India will not only meet its climate commitments but is also set to overachieve, Prime Minister Narendra Modi said on November 22, 2020, speaking at a side event at the 15th summit of the G20 countries.
The announcement came just days after the United States, the world’s second largest emitter, elected Joe Biden as its next President, who has avowed net-zero carbon emissions by 2050. Biden promptly appointed John Kerry–a former diplomat instrumental in getting the US to sign on the Paris Agreement back in 2015–as his climate envoy. Just weeks ago, China, the world’s largest emitter, had announced that it would achieve net-zero emissions by 2060. [What is net-zero carbon emissions? See box]
This has turned the spotlight on India–the world’s third largest emitter of climate change-inducing carbon dioxide (CO2).

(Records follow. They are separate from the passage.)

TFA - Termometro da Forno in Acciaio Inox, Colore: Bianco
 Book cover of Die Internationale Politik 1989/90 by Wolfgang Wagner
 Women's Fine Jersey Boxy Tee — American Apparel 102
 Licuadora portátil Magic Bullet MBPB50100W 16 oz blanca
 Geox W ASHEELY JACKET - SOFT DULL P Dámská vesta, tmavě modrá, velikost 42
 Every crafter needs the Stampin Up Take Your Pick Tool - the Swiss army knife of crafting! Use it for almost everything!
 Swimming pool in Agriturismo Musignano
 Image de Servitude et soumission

PM Modi’s speech was underwhelming for some climate researchers, who saw it as yet another proof of India’s hesitation to aim high. India’s global climate strategy has always been about under-promising and over-delivering, said Vaibhav Chaturvedi, fellow with the think-tank Council on Energy, Environment and Water (CEEW).
“We knew back in 2017-2018 that India is going to overperform on its climate commitment of reaching 40% renewable energy in its electricity mix by 2030,” he said.